A Seattle en décembre, puis à Davos il y a dix jours, la principale proposition de José Bové et des associations dont il est devenu l'étendard consistait à demander que soit établi un «audit» permettant de dresser le bilan de la libéralisation des échanges et de la mondialisation. Que faut-il penser de ce mouvement revendicatif d'un nouveau genre?

Une telle modestie a incontestablement des aspects positifs. En choisissant de réclamer un audit avant de formuler des propositions précises, Bové montre qu'il ne croit pas aux solutions toutes faites, qu'elles prennent la forme du protectionnisme généralisé ou du libéralisme pur et dur. C'est tant mieux: les stratégies de développement fondées sur l'autarcie et le protectionnisme généralisé se sont soldées par des échecs retentissants dans tous les pays où elles ont été menées; inversement, s'il est vrai qu'aucun pays n'a réussi à sortir de la pauvreté autrement que par une très forte intégration aux marchés mondiaux, les expériences réussies d'intégration au commerce international se sont souvent accompagnées de politiques ciblées de protection ou de subvention pour tel ou tel secteur particulier, au moins dans les phases préliminaires de leur développement.

D'une certaine façon, la revendication de l'audit ne fait qu'exprimer le refus des extrêmes: à partir du moment où l'on rejette à la fois l'autarcie et l'ultralibéralisme, il devient nécessaire de disposer d'études précises afin de déterminer au cas par cas les politiques publiques concrètes permettant d'exploiter au maximum les potentialités offertes par le marché.
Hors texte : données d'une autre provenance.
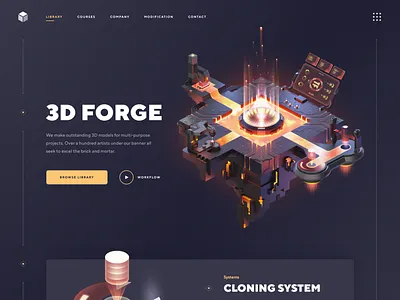 3D Model Store & School Home Page 3d 3d model art branding home page illustration illustration for web landing page photoshop render school software store ui ux visual web application web design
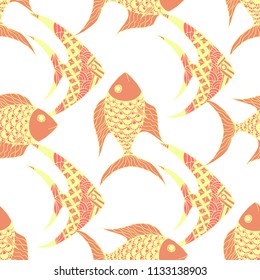 Exotic Fish. Seamless Pattern with Colorful Fish Hand Drawn in Primitive Style. Sea Pattern for Paper, Chintz, Print. Bright Simple Texture in Trendy Colors. Vector Illustration.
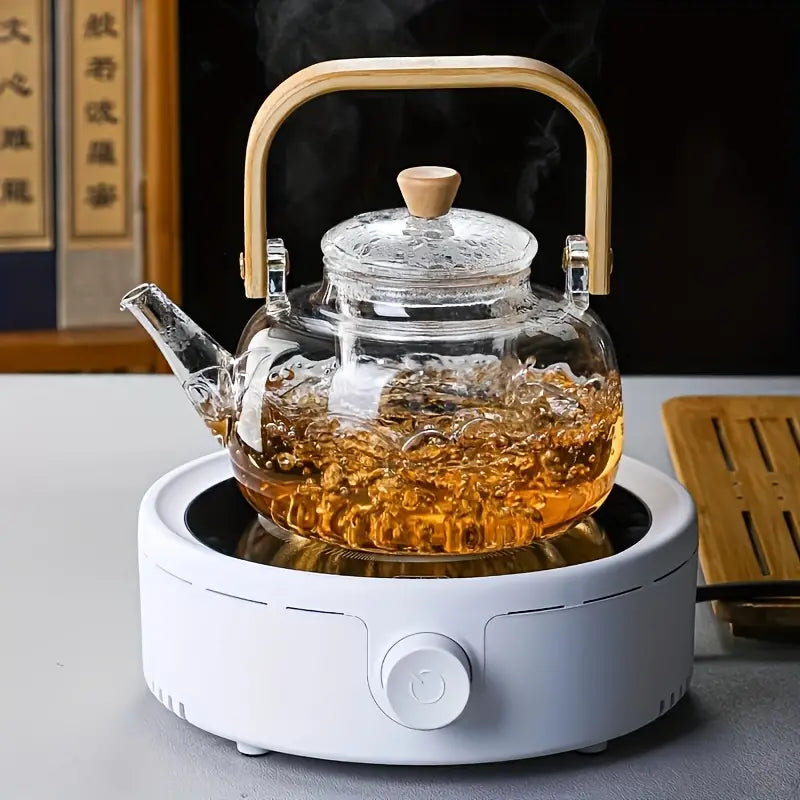 950 ml Borosilicate Glass Teapot – Steel Infuser & Bamboo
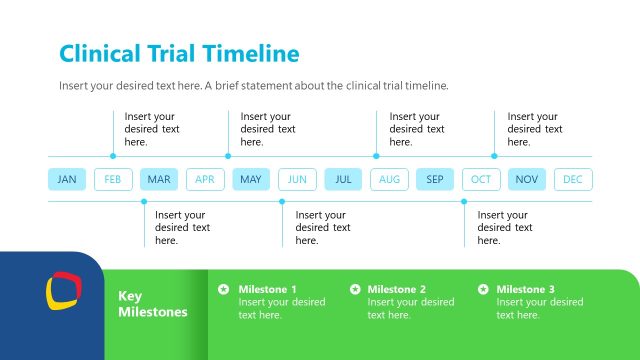 Clinical Trial Horizontal Timeline Slide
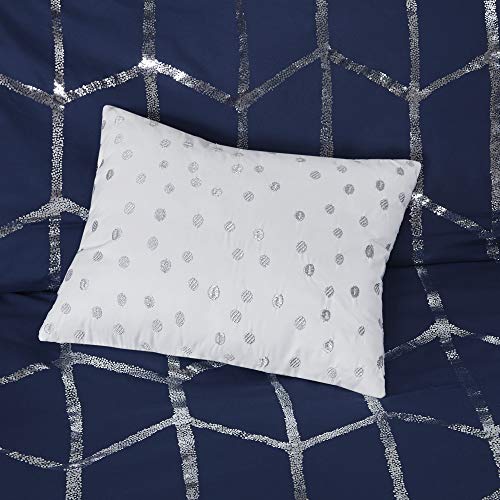 Intelligent Design Raina Comforter Microfiber Metallic Print Geometric, Embroidered Toss Pillow Modern Trendy Casual All Season Bedding Set with Matching Sham, Full/Queen, Navy/Silver 5 Piece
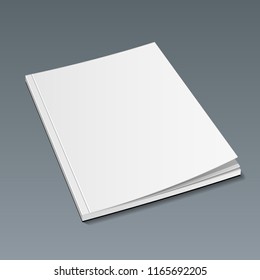 Blank Cover Of Magazine, Book, Booklet, Brochure. Illustration Isolated On Gray Background. Mock Up Template Ready For Your Design. Vector EPS10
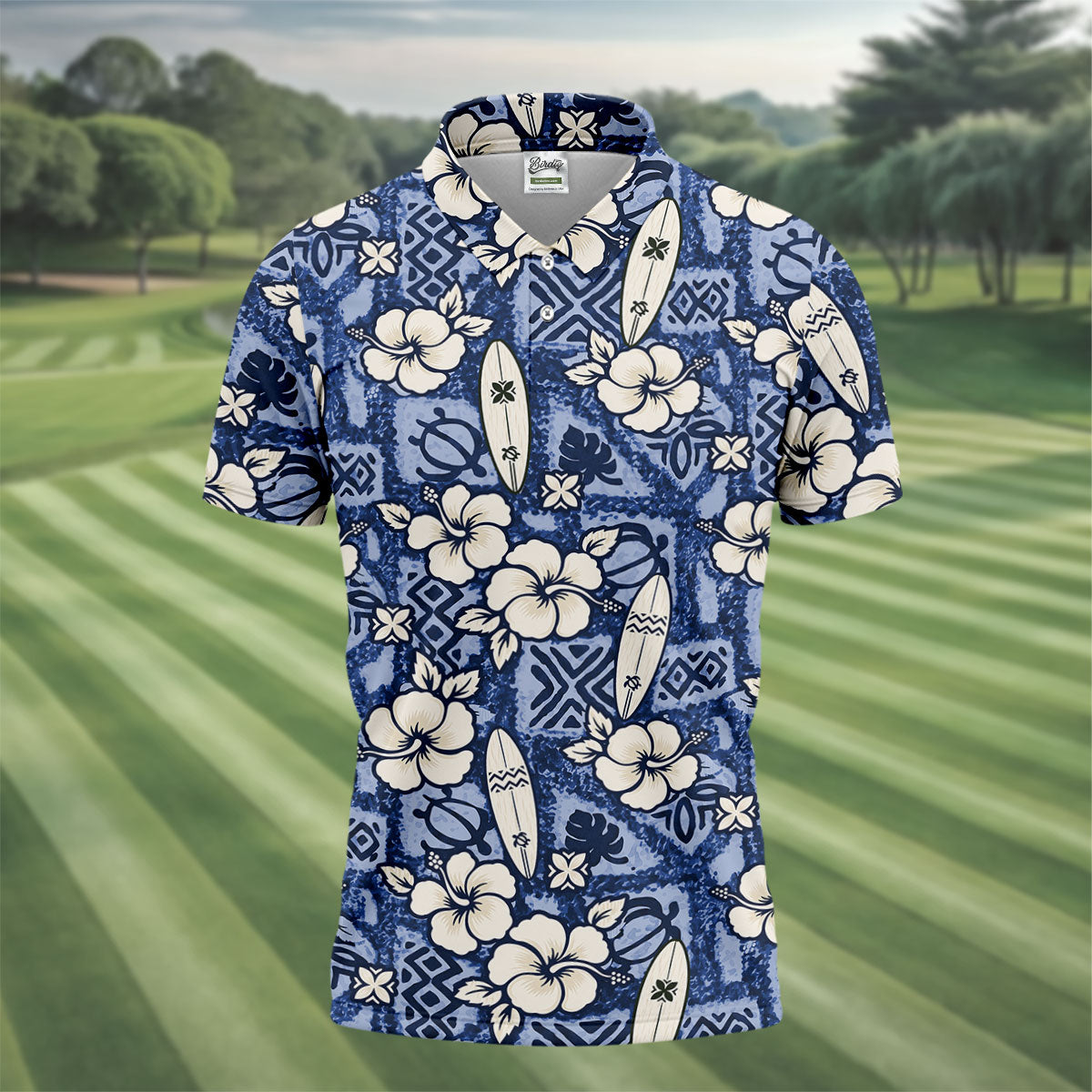 Blue Hawaiian Surfboard Hibiscus Design Hawaiian Golf Shirt, Golf Shirts For Men, Polo Shirts For Men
Le problème est qu'à l'aube du XXIe siècle, ce refus des extrêmes peut difficilement être considéré comme une contribution originale au débat politique. Cela fait longtemps que toute la question est précisément de savoir quelles sont les politiques intermédiaires et les «troisièmes voies» les mieux adaptées à chaque situation, et on serait en droit d'attendre de Bové et de ses amis qu'ils contribuent à ce débat-là, au lieu de s'en remettre à un hypothétique audit qui viendrait enfin tout éclairer. Le terme «audit» est en lui-même emblématique: il est directement repris du vocabulaire anglo-saxon des affaires, et son emploi dans ce contexte résonne comme un terrible aveu d'impuissance. Il suggère que seuls les «experts» disposent des compétences nécessaires pour établir ce bilan de la mondialisation, de la même façon que les «experts» établissent un audit permettant de savoir si une entreprise est bien gérée. C'est au contraire aux mouvements politiques et à l'ensemble des citoyens qu'il appartient de produire des réflexions et des études sur les limites du libre-échange, et de les publier sous forme de brochures ou de livres pour alimenter le débat démocratique.

Par exemple, pourquoi la Confédération paysanne et ses réseaux à travers le monde ne seraient-ils pas capables d'étudier de façon précise les conséquences des subventions aux agriculteurs et de la protection des marchés agricoles des pays du Nord pour les paysans et l'agriculture des pays du Sud? Les résultats d'une telle étude pourraient permettre de dépasser les caricatures qui ont cours de part et d'autre sur cette question, et en particulier de mieux comprendre comment on peut concilier le soutien à une agriculture «humaine» au Nord et un réel souci pour le développement des pays pauvres. En refusant de s'approprier ce terrain des études et des propositions concrètes, Bové semble dire que la fonction du militant politique doit se limiter au démontage de McDo et à la dénonciation du libéralisme pur et dur, et que les «détails» doivent être réglés par d'autres. Cette attitude contribue à renforcer l'arrogance bien réelle des «experts» du libéralisme triomphant auxquels Bové prétend s'opposer.

Thomas Piketty est chargé de recherches en économie au CNRS.